In a previous [community forum post] 1, I reported that I had found GBIF datasets which failed a referential integrity test. I found another one today while auditing data for Pensoft Publishers.
The data publishers in each case had prepared an event.txt table for their sampling events and an occurrence.txt table for their occurrence records. The two tables were connected by an eventID field.
For every eventID entry in occurrence.txt there needs to be a corresponding eventID entry in event.txt. This wasn’t always the case. Some records in occurrence.txt had an eventID that was missing from event.txt, so the records were missing their sampling details.

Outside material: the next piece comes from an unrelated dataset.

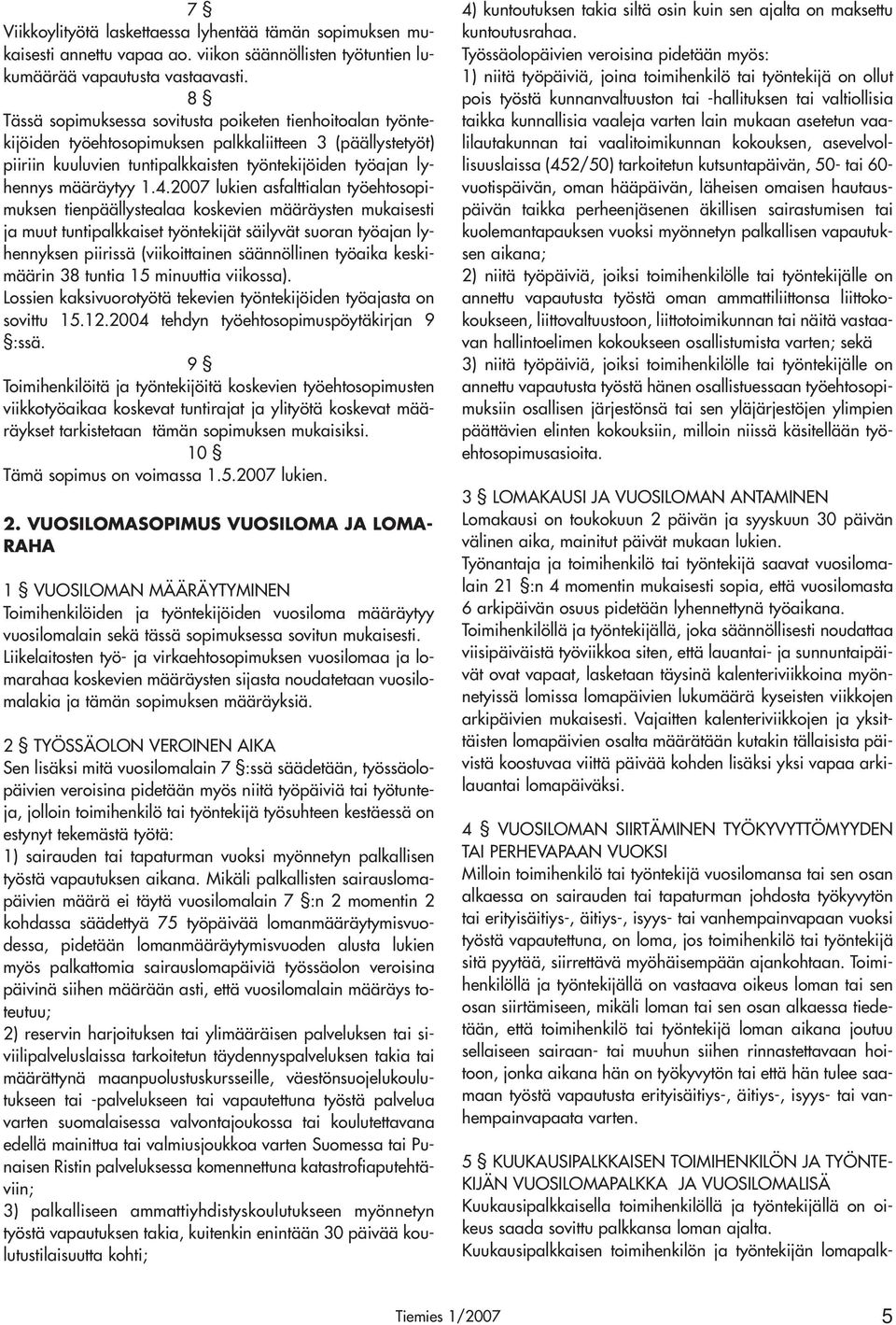 4.2007 lukien asfalttialan työehtosopimuksen tienpäällystealaa koskevien määräysten mukaisesti ja muut tuntipalkkaiset työntekijät säilyvät suoran työajan lyhennyksen piirissä (viikoittainen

GBIF does not check for referential integrity failure. The “orphaned” occurrence records are silently dropped and do not appear either in the recommended, post-processing download from the dataset, or on the GBIF website as individual records. There is also no “issues” flag assigned to those orphaned records.
As with all data made available to GBIF, the primary responsibility for data quality lies with the data publisher. However, checking for errors of this kind can be difficult, especially if eventID is a long and complicated code.
If you can use a BASH shell, please see this [blog post] 2 in which I provide a shell script (“chkevoc”), which finds referential integrity problems with event.txt and occurrence.txt. The script also checks for blank and duplicate eventID entries in event.txt, and for blank and duplicate occurrenceID entries in occurrence.txt.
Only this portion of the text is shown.